● **Problem statement**: Shown below is a listing with pictures; reproduce exactly, and only, the lines between the ones containing "Super Moon St Michaells Mount Purple" and "ear PAPILLONNER イアパピヨネ　ショルダーバッグ ピンクベージュ", inclusive, leaving the pictures out.

● **Supplied data**:
»»

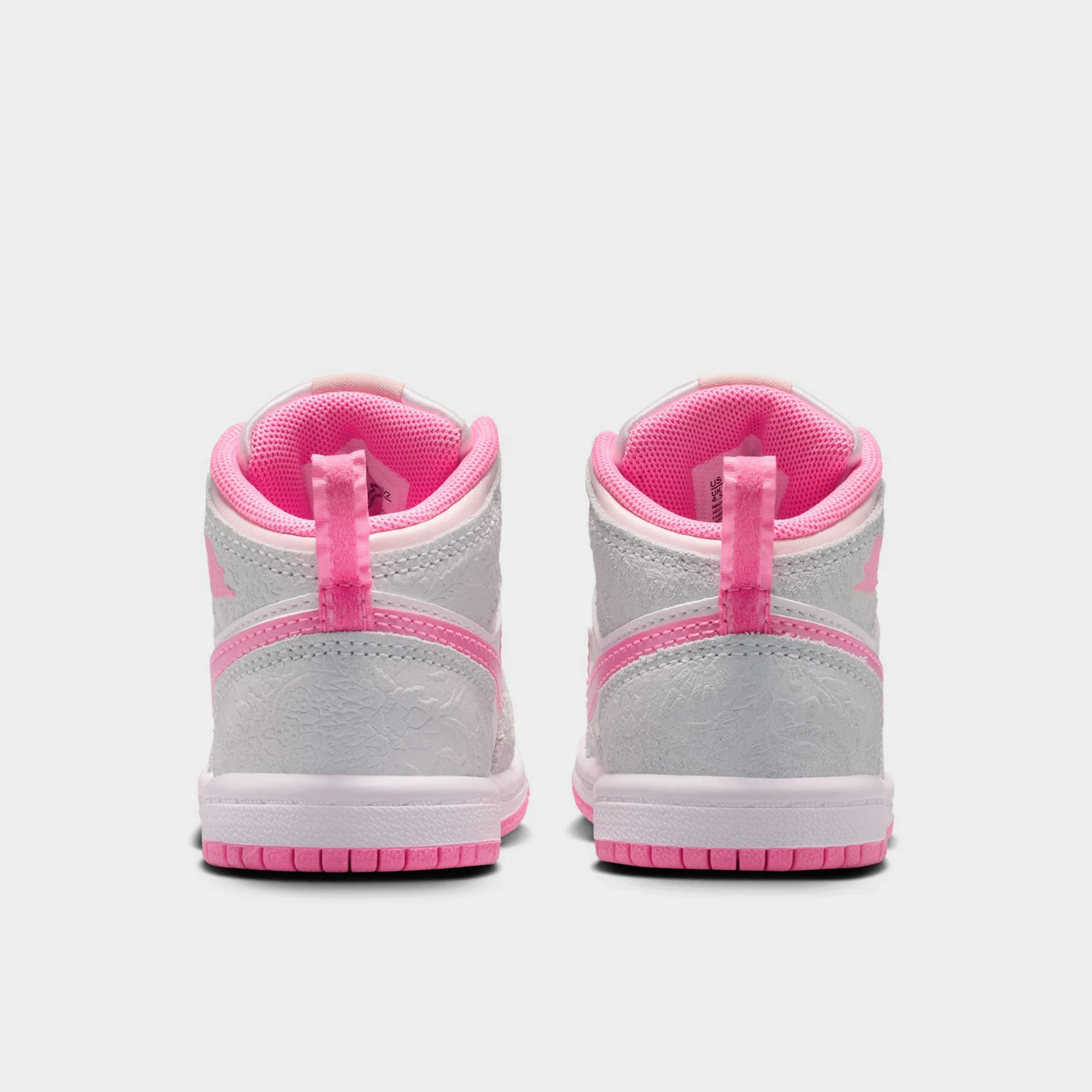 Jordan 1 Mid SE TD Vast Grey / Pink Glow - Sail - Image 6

««
»»

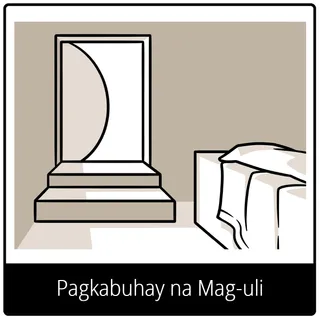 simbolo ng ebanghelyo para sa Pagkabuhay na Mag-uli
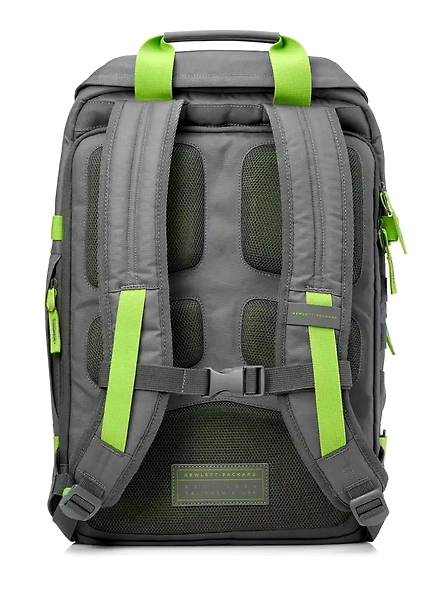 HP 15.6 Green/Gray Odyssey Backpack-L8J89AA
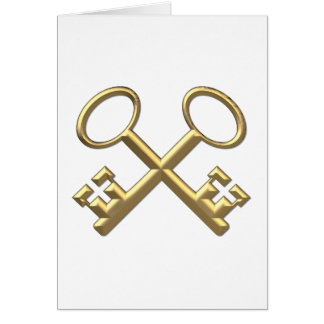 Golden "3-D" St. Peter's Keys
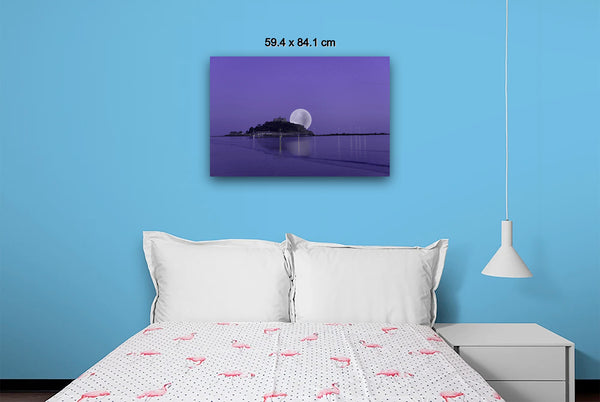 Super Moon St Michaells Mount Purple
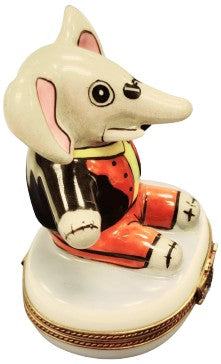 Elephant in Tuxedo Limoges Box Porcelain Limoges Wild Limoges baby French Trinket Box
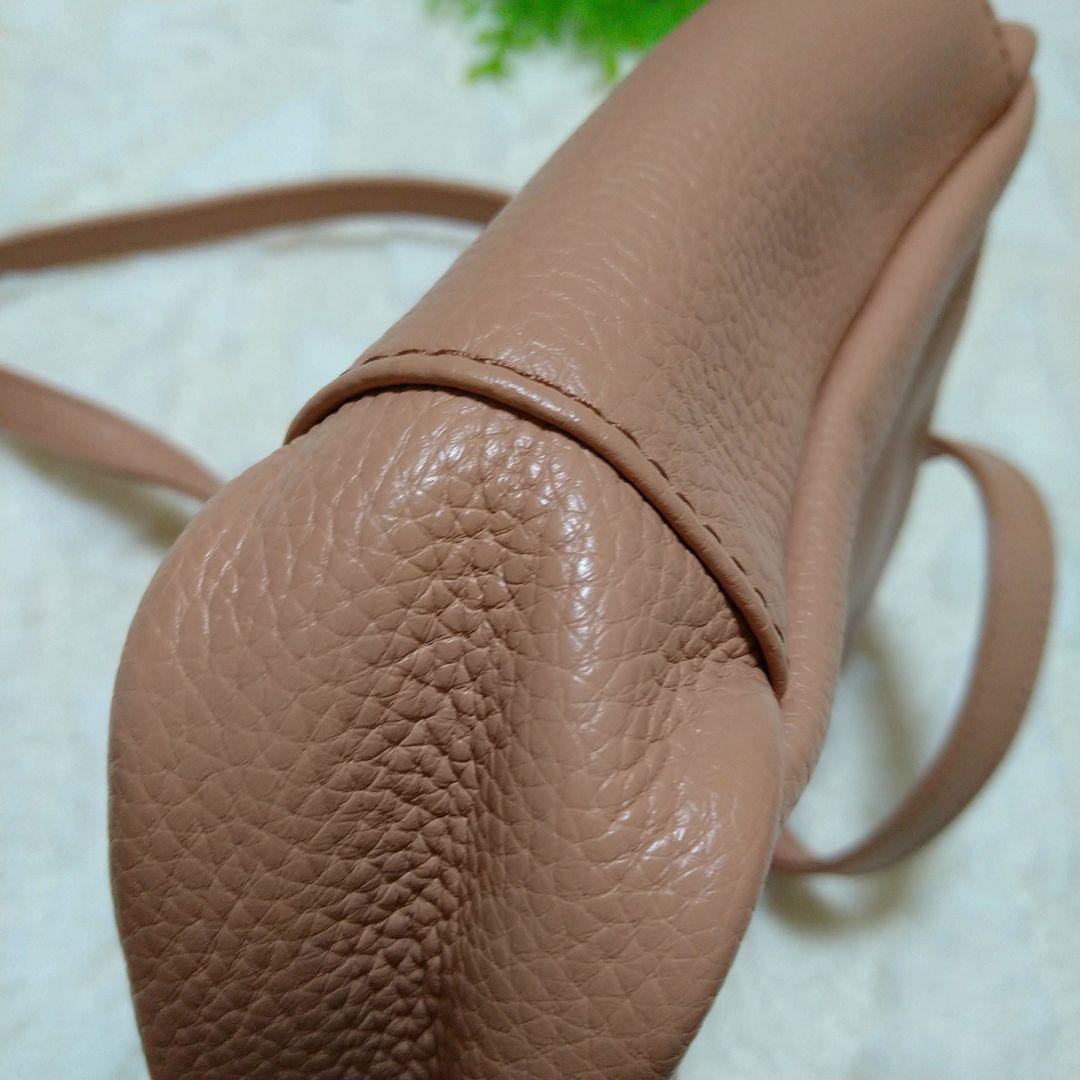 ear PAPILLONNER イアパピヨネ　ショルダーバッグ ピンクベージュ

««
»»

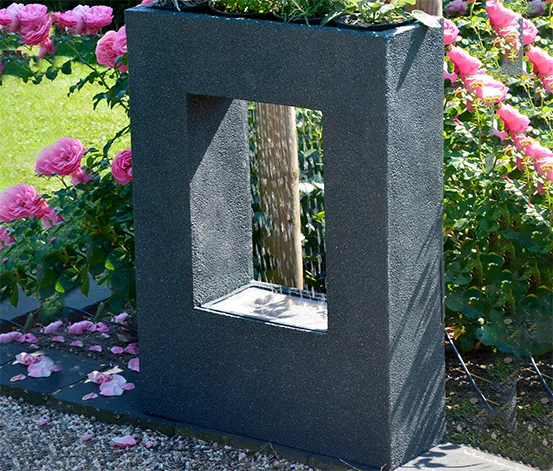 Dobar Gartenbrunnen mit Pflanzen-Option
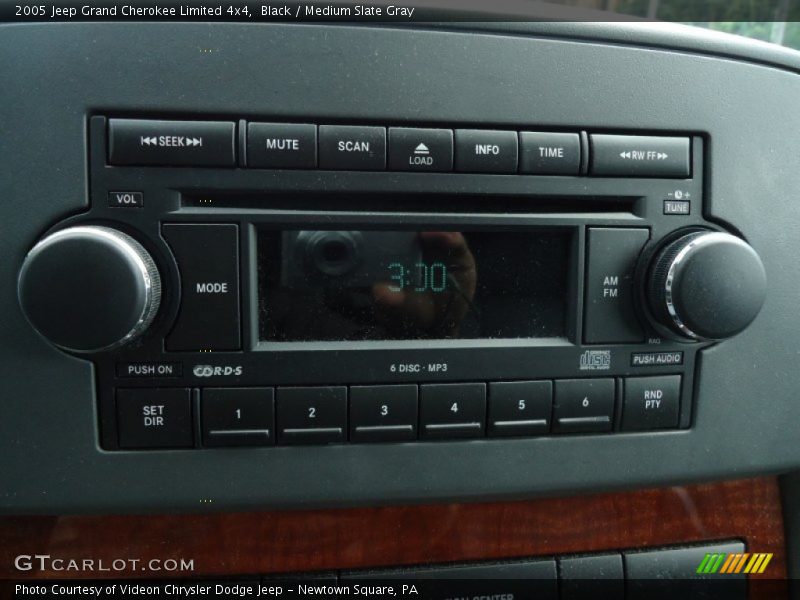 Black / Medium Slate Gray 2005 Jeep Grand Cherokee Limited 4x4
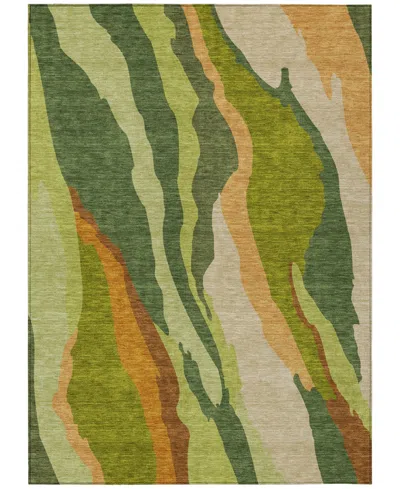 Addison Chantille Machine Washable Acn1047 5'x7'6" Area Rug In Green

««

● **Written response**:
 Super Moon St Michaells Mount Purple
 Elephant in Tuxedo Limoges Box Porcelain Limoges Wild Limoges baby French Trinket Box
 ear PAPILLONNER イアパピヨネ　ショルダーバッグ ピンクベージュ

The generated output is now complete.